South Africa has 58 million population, ATM per 100,000 adults is 67.3; bank branches per 100, 000 adults stood at 17.3 and total ATM base in 2019 was 30,000.

India has 1.3 billion population, and ATM per 100,000 adults is 22 while bank branches per 100,000 adults stood at 16.8 and total ATM base in 2019 was 238,000.

However, Nigeria which hosts a population of 200 million people has 16.3 ATMs to serve every 100,000 and 4.4 bank branches to serve every 100,000 adults as the country’s ATM base as at the end of 2019 stood at 18,731, stated the report.

He added: “With three times the population of South Africa, Nigeria’s total ATM/100,000 adults are four times less than that of South Africa.

“With similar population figures, Brazil has nearly 10 times the number of ATMs than Nigeria and over four times the number of branches per 100,000 customers.”

Dipo Alabede, Secretary, Product, Pricing and Revenue Assurance at the Committee of e-Business Industry Heads (CeBIH), stated that Nigeria needs more ATM terminals to boost services.

Alabede, who doubles as Head of Digital Banking at Sterling Bank, revealed that it cost about N10 million to deploy a single terminal in the country.

ATM business is still run at a loss in Nigeria, he said.

To deploy more terminals in Nigeria, about N700 billion may be required by operators for more ATM terminals, the report noted.

Findings also showed that there has been significant increase in the number of ATM terminals deployed, transaction volumes and values.

For instance, statistics from NIBSS revealed that in 2014, 13,770 terminals were deployed, with a transaction volume of 214.63 million, valued at N2 Trillion.

In 2015, Nigeria had 16,406 terminals, 0.40 billion-transaction volume, valued at N3.65 Trillion.

By 2016, the ATM terminals rose to 17, 398. It delivered 607-million transaction volume, valued at N4.9 Trillion.

In 2017, there were 17, 449 terminals that carried out 800.5 million transactions, which is worth N6.44 Trillion.

The data showed that ATM terminals rose to 18,615 with 875.5 million-transaction volume, valued at N6.5 Trillion.

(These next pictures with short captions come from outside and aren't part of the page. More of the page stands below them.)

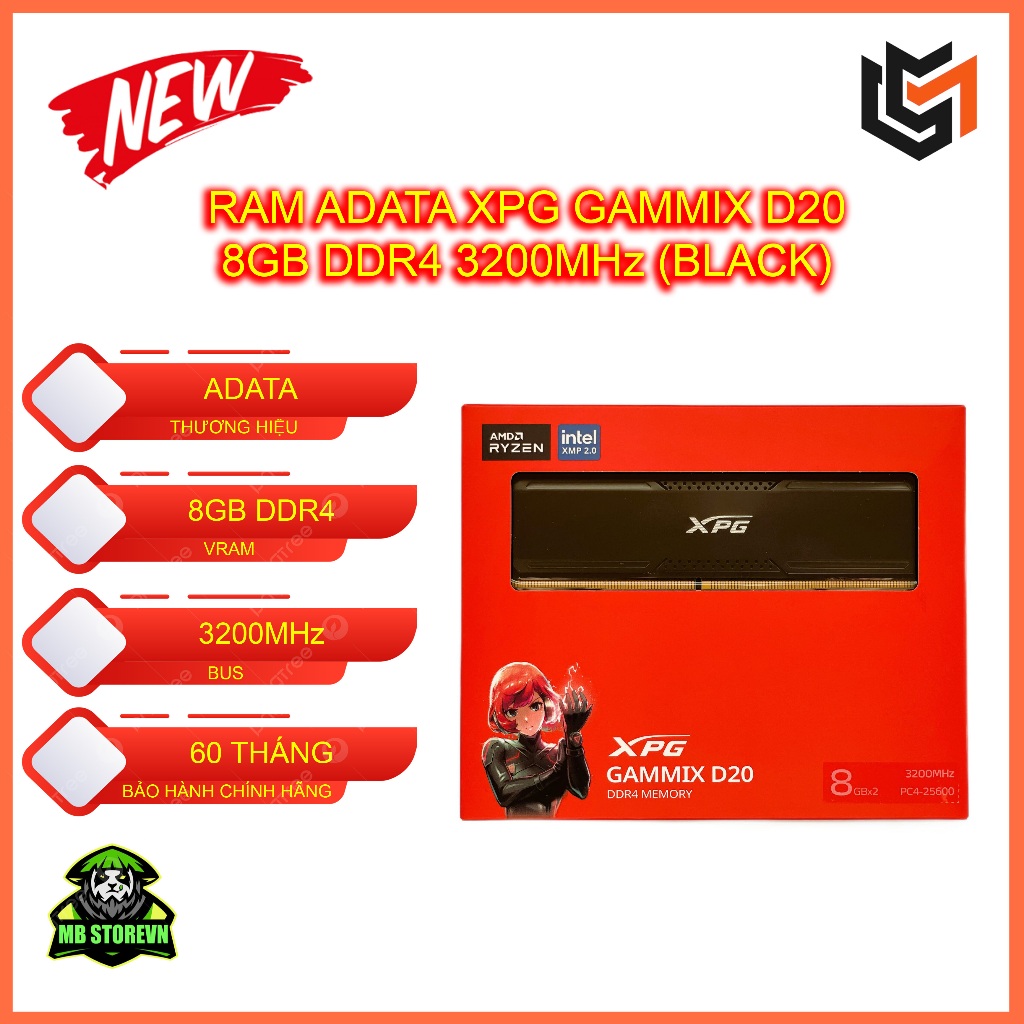 Ram DDR4 Adata 8G 3200MHz XPG Gamming D20 Black (1x 8GB) - Bảo hành 36 tháng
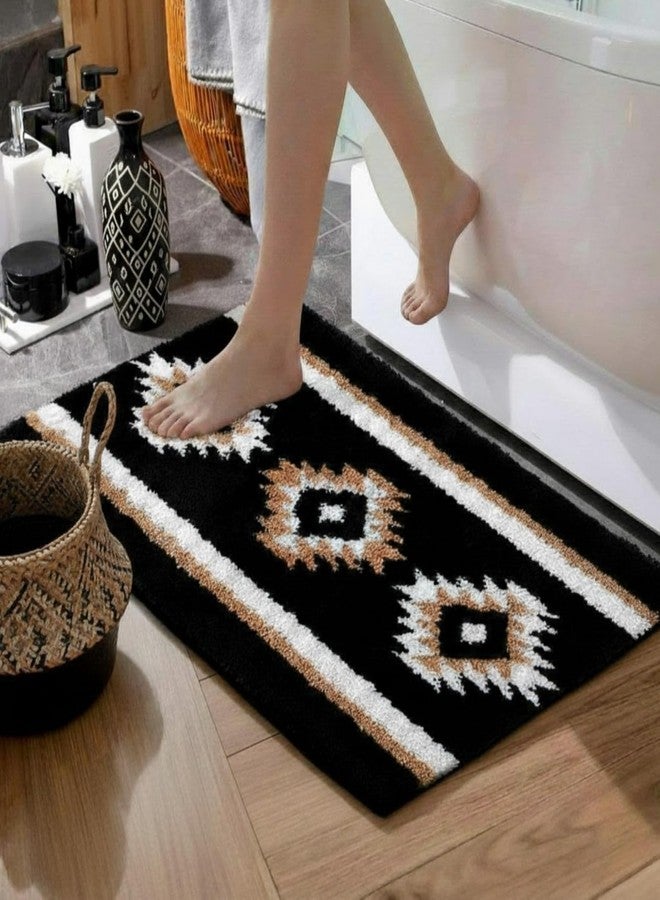 Tinideya 24x18 Inch Western Bathroom Rugs Boho Aztec Bath Mat Non Slip Native Tribal Rustic Geometric Soft Absorbent Carpet for Bathroom Shower Kitchen(Black) - Image 1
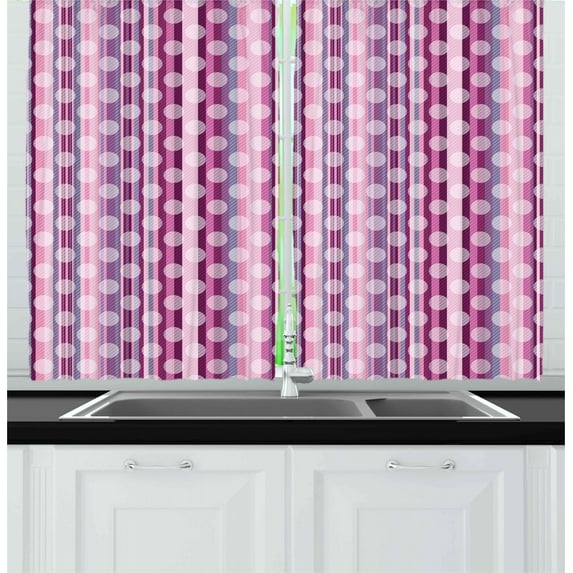 Ambesonne Pink Kitchen Curtains, Abstract Rounds Line, 55"x39", Cadet Blue Dried Rose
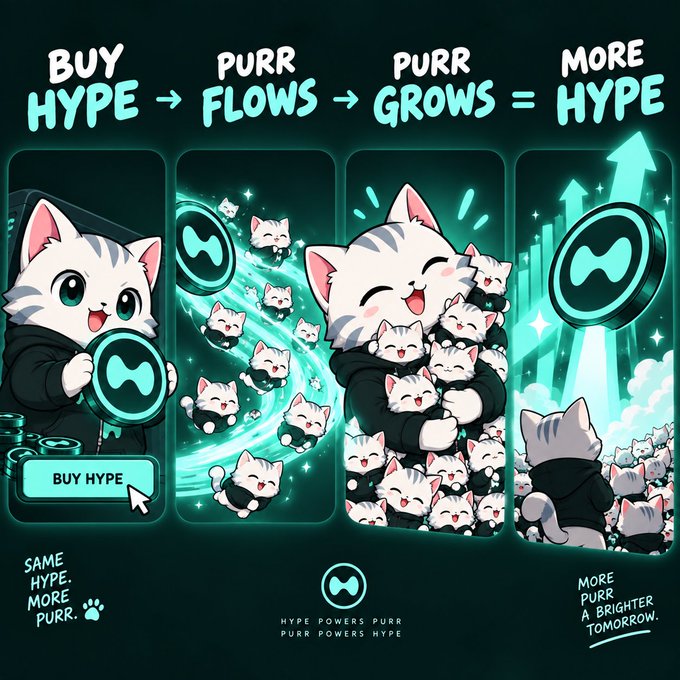 A four-panel cartoon meme about the 'HYPE' token, with the sequence 'BUY HYPE → PURR FLOWS → PURR GROWS = MORE HYPE', featuring cute white cats and the text 'SAME HYPE. MORE PURR.' and 'MORE PURR A BRIGHTER TOMORROW'.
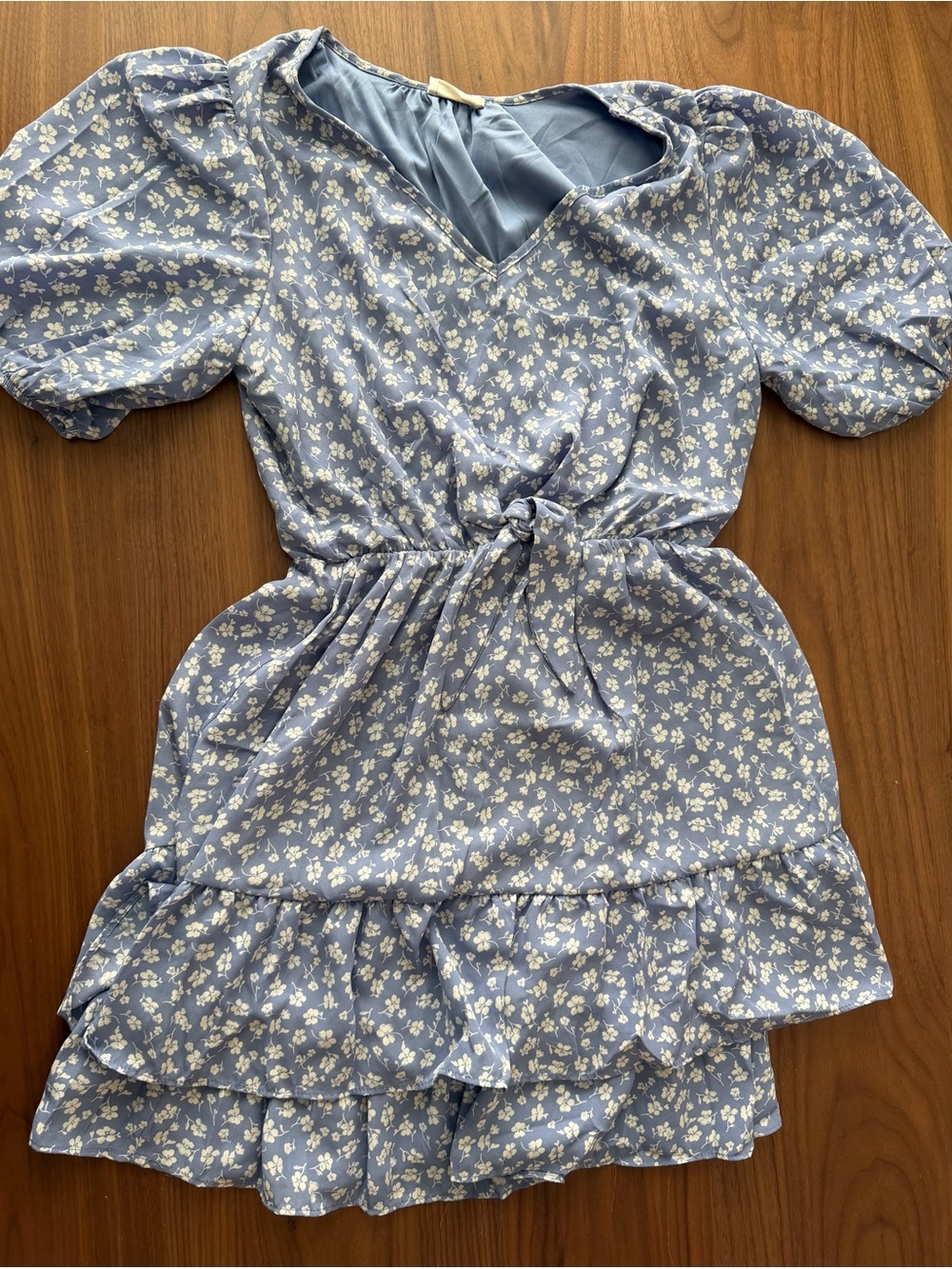 Sienna Sky Blue Floral Tie-Waist Tiered Dress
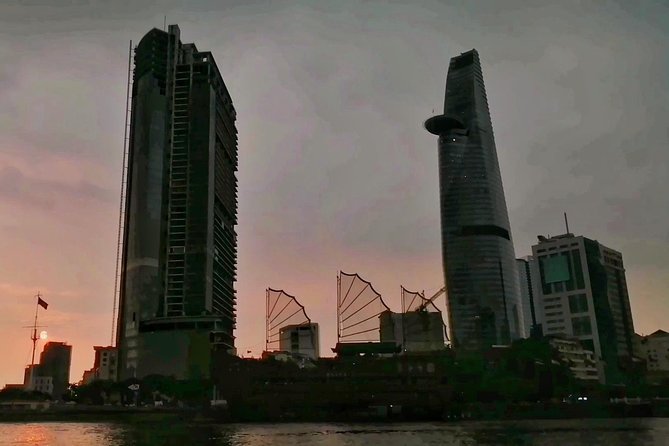 Sunset City-Dragon Floating Temple on River with LUXURY SPEEDBOAT - Saigon Bridge, Thu Thiem Bridge, and the modern city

In 2019, active ATM terminals in the country were 17,518, and carried out 839.8 million volume of transaction valued at N6.5Trillion.

In his contribution, Mr. Olusola Teniola, President of Association of Telecommunications Companies of Nigeria (ATCON) while advising the banks on network challenges, said the financial institutions needed to ensure that they purchase enough bandwidth on various channels.

Mr. Olusola Teniola, President of ATCON

According to him, bank servers needed to have performance improvements to cope with increased demand in transactions that need to be processed, especially during peak hours.

Teniola stated: “It is obvious that they need to consider moving their services to local content-based Data Centres and Cloud offerings that reduce the latency issues and session time-outs that they experience and to which they blame the errors as ‘network problem.

“Finally, the banks need to consider outsourcing all their back-office systems, both IT and Telecoms to indigenous competent specialists that are able to manage it better and move away from in-housing IT equipment and telecoms equipment, which they are struggling to manage, so that they can focus on their core competency in banking.”

He said e-payment services can be hitch-free when the Central Bank of Nigeria (CBN) finally allows telecom operators to take the lead in building the infrastructure required to develop robust and secure underlying layer that caters to the idiosyncratic environment that depicts Nigeria and the way businesses are done.

At the moment, there is an opportunity to bring in the 63 percent of Nigerians, who are financially excluded into a Digital Financial Service (DFS) similar to MESA success in Kenya, report stated.

Teniola added: “Many of our members are capable and willing to build the same success in Nigeria and we encourage the CBN to move from Approval In Principle (AIP) for Payment Service Bank (PSB) to a full PSB licensing for all the MNOs and other Service Providers.

“We have the track record of building the biggest telecoms market in Africa, we can do the same in the DFS space.”